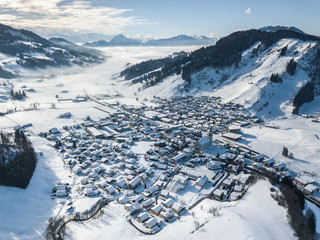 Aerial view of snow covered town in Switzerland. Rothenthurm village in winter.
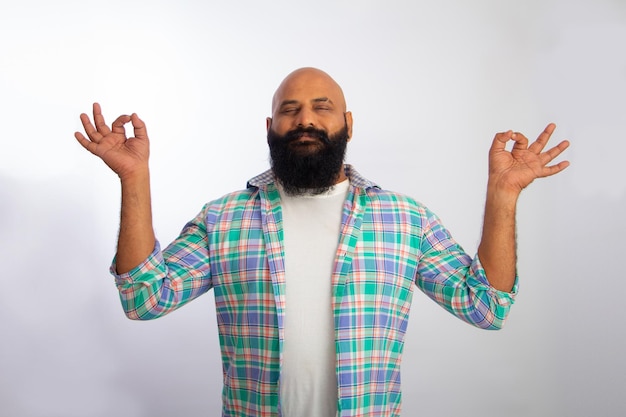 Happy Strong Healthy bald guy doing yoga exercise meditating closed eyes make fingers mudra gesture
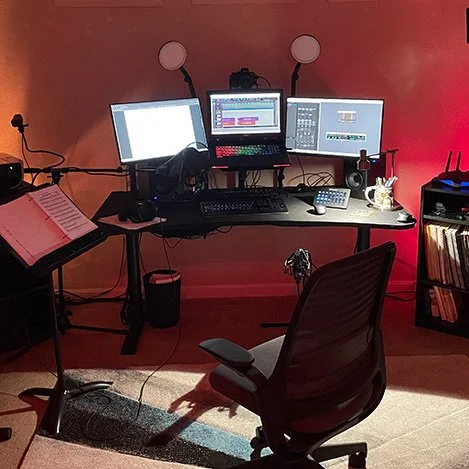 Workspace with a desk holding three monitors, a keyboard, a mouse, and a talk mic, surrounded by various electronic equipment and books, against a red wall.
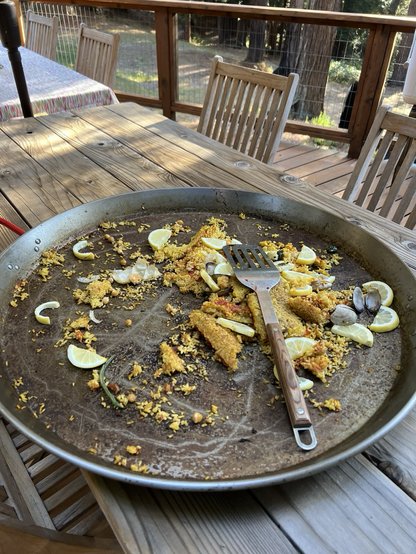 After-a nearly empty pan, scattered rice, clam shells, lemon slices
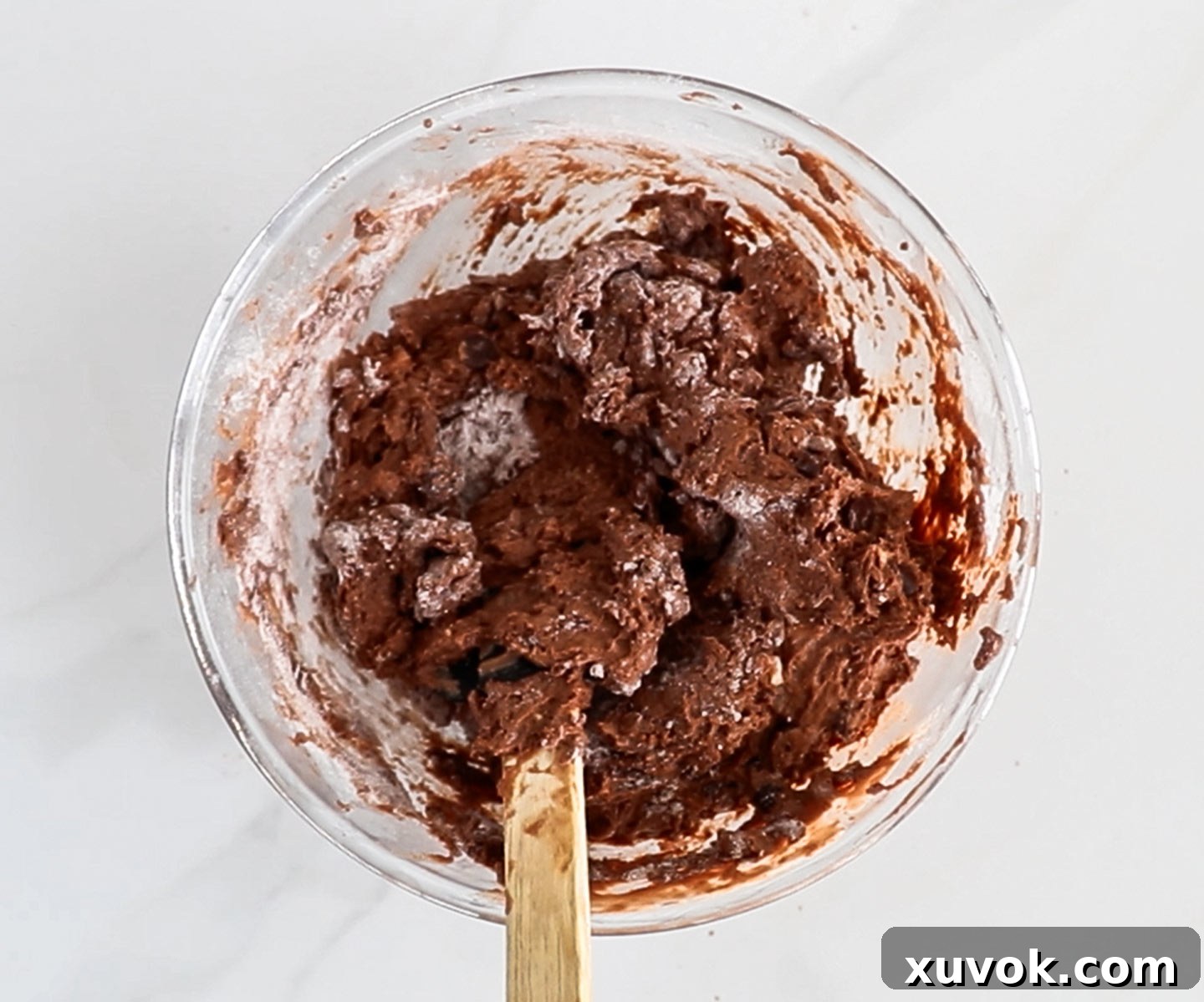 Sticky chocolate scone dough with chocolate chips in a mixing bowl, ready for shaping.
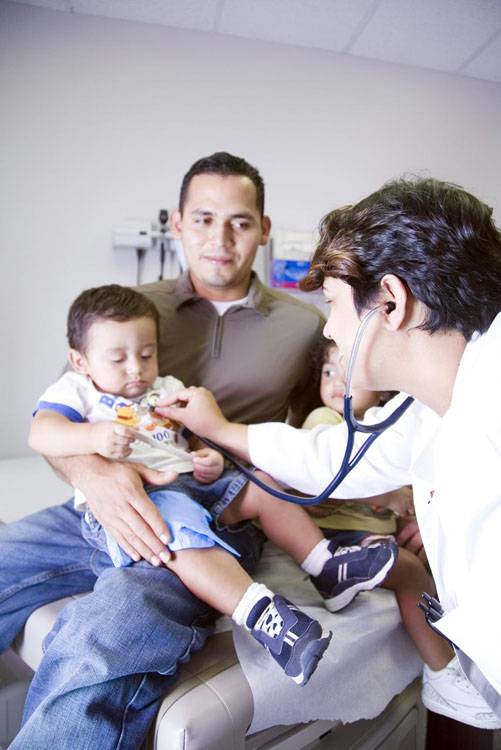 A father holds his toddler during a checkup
_ _ _ _ _ _ _
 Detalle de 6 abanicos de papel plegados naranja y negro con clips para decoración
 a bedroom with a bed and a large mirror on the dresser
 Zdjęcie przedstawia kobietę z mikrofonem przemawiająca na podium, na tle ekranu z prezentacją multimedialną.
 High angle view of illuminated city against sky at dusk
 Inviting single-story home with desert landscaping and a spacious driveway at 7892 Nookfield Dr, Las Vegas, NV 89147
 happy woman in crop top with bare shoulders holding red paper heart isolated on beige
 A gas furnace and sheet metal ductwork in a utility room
_ _ _ _ _ _ _
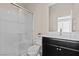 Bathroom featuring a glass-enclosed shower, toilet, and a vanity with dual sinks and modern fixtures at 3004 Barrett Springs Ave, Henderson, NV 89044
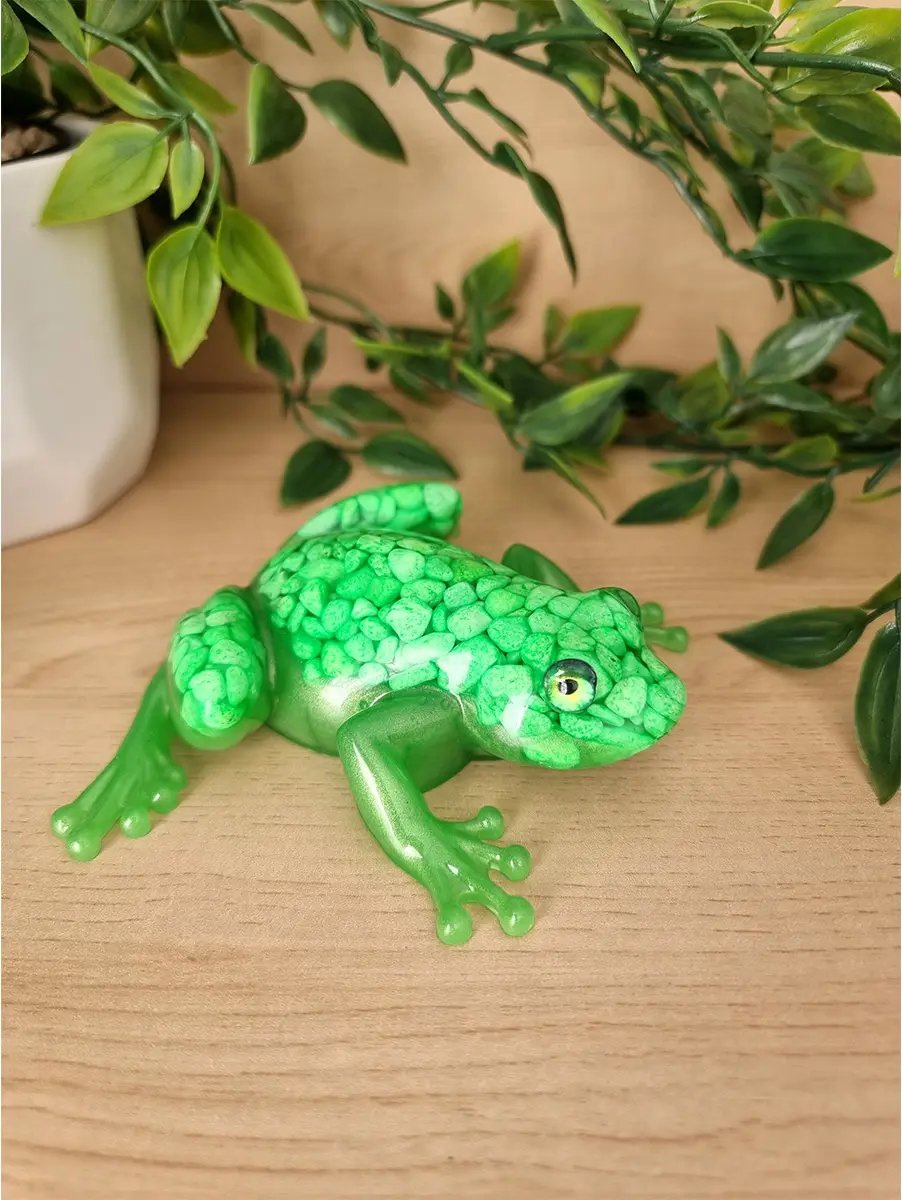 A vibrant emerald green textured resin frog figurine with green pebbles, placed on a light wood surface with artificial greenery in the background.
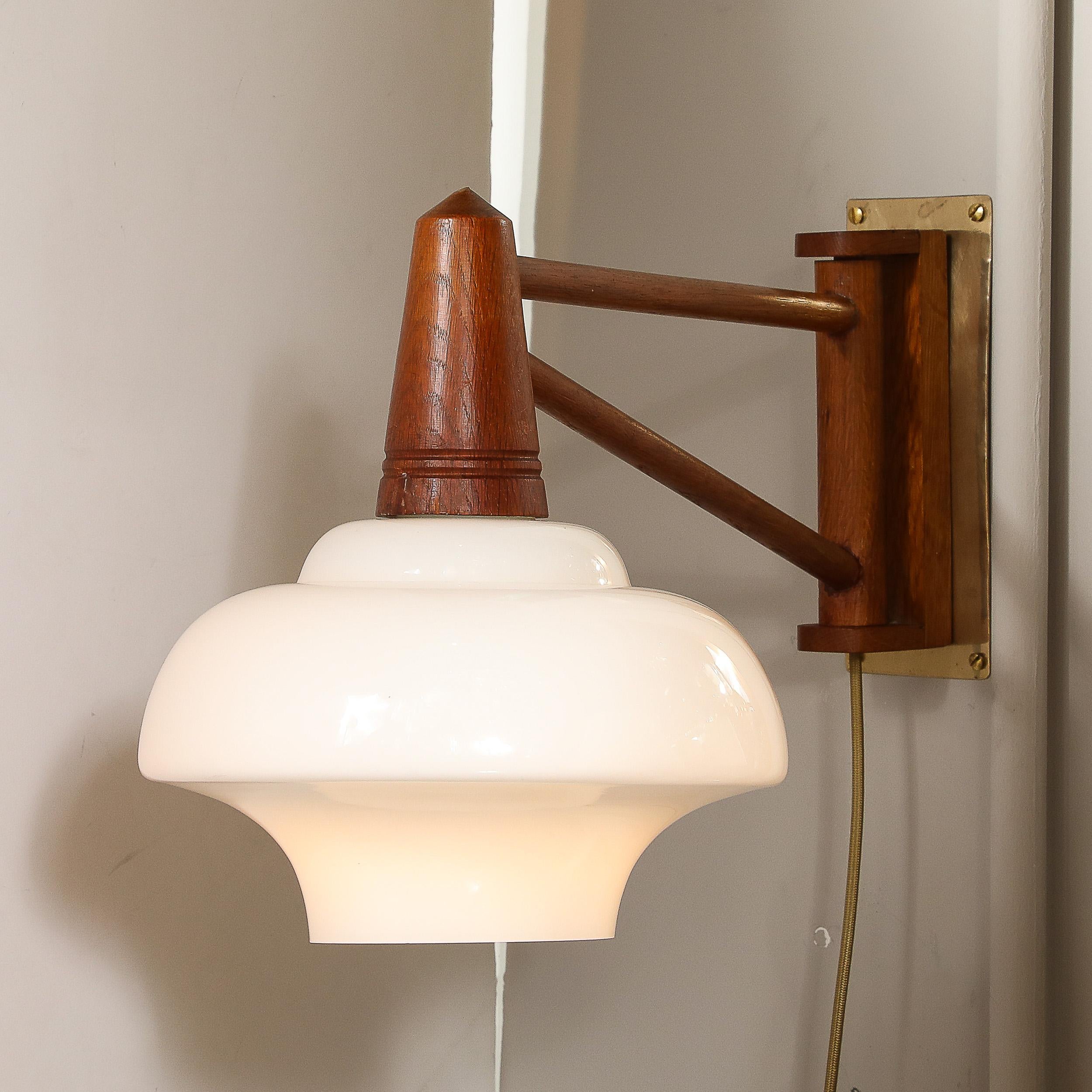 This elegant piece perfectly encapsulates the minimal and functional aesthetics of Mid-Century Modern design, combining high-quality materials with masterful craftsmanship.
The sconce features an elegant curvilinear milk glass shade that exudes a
_ _ _ _ _ _ _
◆ **Exercise details**
Leave out the images and write out the lines above exactly, from the one with "Happy Strong Healthy" up to and including the one with "After-a nearly empty".

◆ **Task output**
 Happy Strong Healthy bald guy doing yoga exercise meditating closed eyes make fingers mudra gesture
 Workspace with a desk holding three monitors, a keyboard, a mouse, and a talk mic, surrounded by various electronic equipment and books, against a red wall.
 After-a nearly empty pan, scattered rice, clam shells, lemon slices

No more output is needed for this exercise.